Kerala Books and Publications Society
- Abbreviation: KBPS
- Formation: August 1978
- Headquarters: Kakkanad, Kochi
- Location: Kerala;
- Official language: Malayalam
- Website: https://www.kbps.kerala.gov.in/

= Kerala Books and Publications Society =

The Kerala Books and Publications Society is a society owned by the Government of Kerala headquartered at Kakkanad, Kochi. It is registered under the Travancore - Cochin Literary, Scientific and Charitable Society registration Act, 1955. It was established for printing the entire textbooks of SCERT syllabus required by the school children in the state and is functioning on a no loss no profit basis.

==Overview==

The Society started commercial production in August 1978. The Society is also carrying out the printing of various Government Department & Universities and lottery tickets.

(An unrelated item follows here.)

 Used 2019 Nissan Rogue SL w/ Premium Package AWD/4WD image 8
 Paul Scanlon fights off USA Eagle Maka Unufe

The Society's Press at Kakkanad was established in 3.97 hectares of land at Kakkanad near Civil Station. It is the biggest multicolour offset printing unit in Government Sector with a Harris M-300 High Speed Multicolor Web offset printing machine, four Web Offset colour Printing Machines, four Sheet fed Offset Printing Machines, three HMT Letterpress machines and a Label Printing Machine. It also has a Muller Martini Saddle stitcher imported from Switzerland.